Show that $P_\phi(\phi)=0$ by writing $\phi$ as a matrix in Jordan normal form.
Well, since $R$ is an algebraically closed field, all eigenvalues of $\phi$ lies in $R$, so the Jordan normal form exists. But what's the point of it then? I don't quite see.
Let $\lambda_1, \cdots, \lambda_k$ be the (distinct) roots of $\phi$ (by distinct, I mean that if they are not, I omit multiplicities).
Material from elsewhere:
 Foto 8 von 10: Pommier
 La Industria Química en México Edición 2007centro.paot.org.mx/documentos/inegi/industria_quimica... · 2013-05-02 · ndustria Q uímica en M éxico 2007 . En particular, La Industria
For instance, if a $4 \times 4$ matrix has characteristic polynomial $(x-2)^2(x-1)(x-3)$, then I would write $\lambda_1 = 1$, $\lambda_2 = 2$, $\lambda_3 = 3$.
Choose a basis for $M$, say $\{m_1,\cdots,m_n\}$ over which $\phi$ has Jordan normal form. (So two vectors for $\lambda_2$, one for $\lambda_1$ and one for $\lambda_3$.)
To each eigenvalue $\lambda_i$, there is a Jordan block with $\lambda_i$'s on the diagonal and (possibly some) ones on the second diagonal. (For instance, the block corresponding to $\lambda_1$ and $\lambda_3$ in my example has to be $(1)$ and $(3)$, but the block for $2$ could be either $\begin{bmatrix} 2 & 0 \\ 0 & 2 \end{bmatrix}$ or $\begin{bmatrix} 2 & 1 \\ 0 & 2 \end{bmatrix}$. )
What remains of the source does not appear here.